CBO Teórica 2 - Prova de Especialidades da Oftalmologia — Prova 2016
Homem de 45 anos de idade foi submetido há 6 anos à exérese de tumor de glândula lacrimal unilateral de crescimento lento e indolor: Exame anatomopatológico identificou adenoma pleomórfico. Percebeu-se há cinco meses proptose progressiva no mesmo lado. Ao exame físico nota-se proptose e distopia ínfero-nasal e massa fibroelástica temporal superior palpável e aderida. Assinale a alternativa correta:
Adenoma pleomórfico recidivado → ↑ risco de transformação maligna → Excisão completa mandatória.

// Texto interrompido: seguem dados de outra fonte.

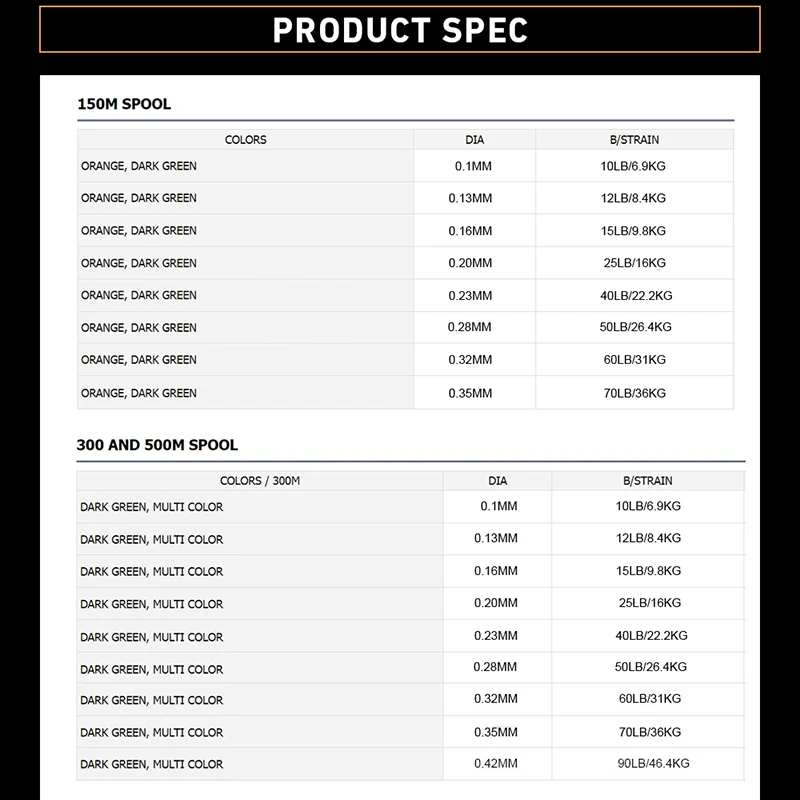 Línea de PE de expedición DAIWAJ-BRAID Original, 8X hebras trenzadas, línea de pesca Spectra, línea trenzada de pesca japonesa, PESCE - imagen 5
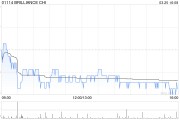 花旗：维持华晨中国“买入”评级 目标价下调至3.75港元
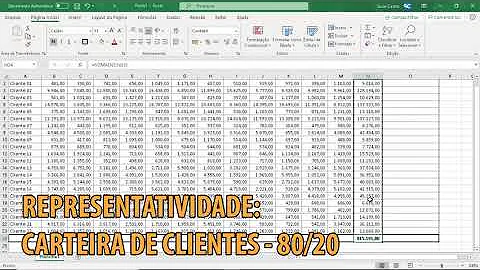 Como calcular a representatividade de um valor no Excel?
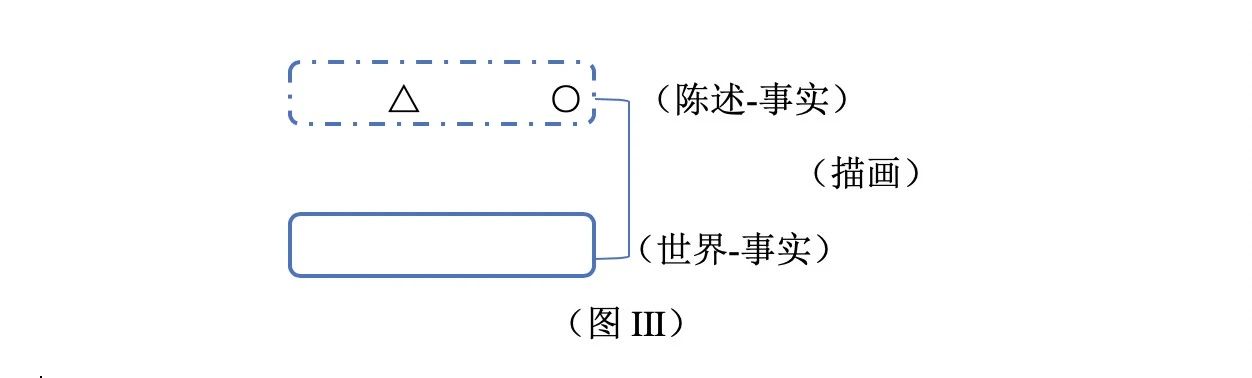 描画-图式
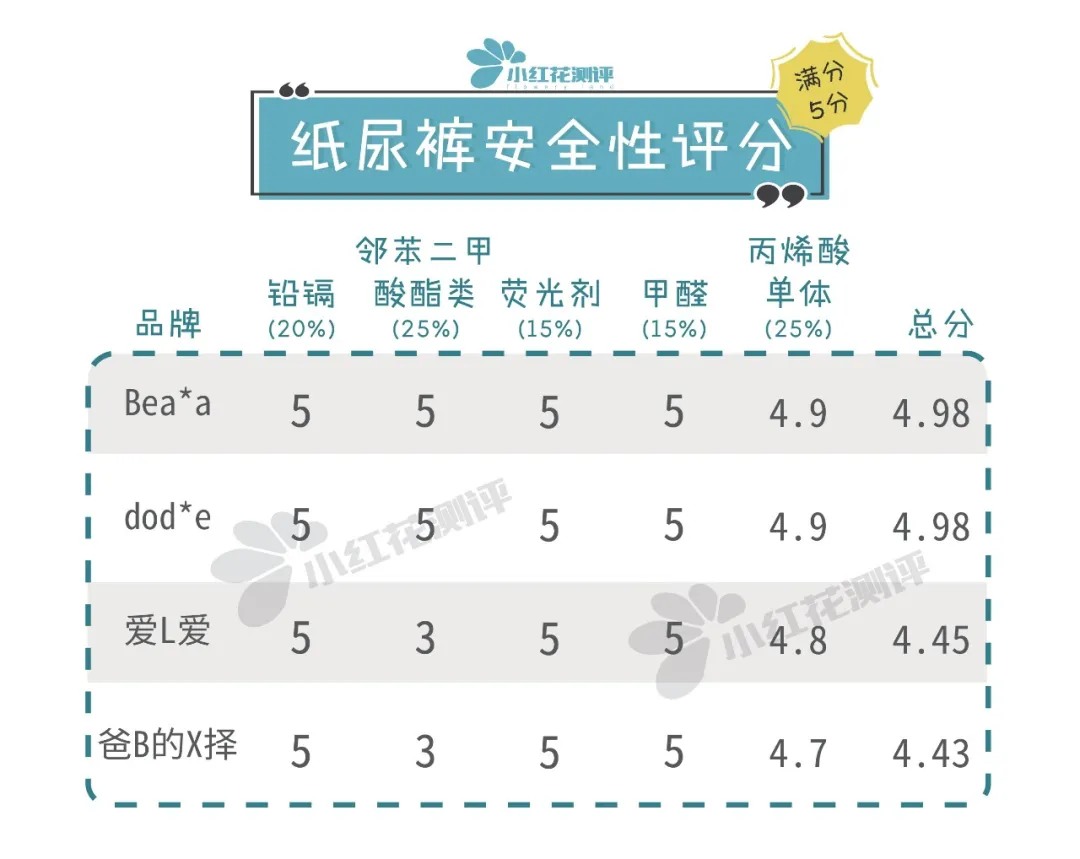 10款高端纸尿裤测评：最贵的这款，却差点垫底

O adenoma pleomórfico é o tumor epitelial mais comum da glândula lacrimal; sua manipulação incompleta ou biópsia incisional predispõe a recidivas agressivas e transformação em carcinoma.
O adenoma pleomórfico, ou tumor misto benigno, representa cerca de 50% dos tumores epiteliais da glândula lacrimal. Apresenta-se classicamente como uma massa indolor de crescimento lento no quadrante supero-temporal da órbita, causando proptose e deslocamento ínfero-nasal do globo ocular. Histologicamente, contém elementos epiteliais e mesenquimais. A importância clínica reside no potencial de transformação maligna. Quando o tumor recidiva devido à remoção incompleta, o risco de se tornar um carcinoma ex-adenoma pleomórfico aumenta significativamente. Este último é um tumor altamente agressivo com prognóstico reservado. Portanto, diante de uma recidiva com sinais de crescimento progressivo, a reintervenção cirúrgica para excisão completa é a única conduta segura.
A biópsia incisional é contraindicada porque o adenoma pleomórfico possui uma pseudocápsula. O rompimento dessa barreira durante uma biópsia permite a semeadura de células tumorais no tecido orbitário adjacente. Isso aumenta drasticamente a taxa de recidiva local, que é muito mais difícil de tratar cirurgicamente e eleva o risco de transformação maligna para carcinoma ex-adenoma pleomórfico ao longo do tempo. A conduta padrão é a excisão em bloco com a cápsula íntegra.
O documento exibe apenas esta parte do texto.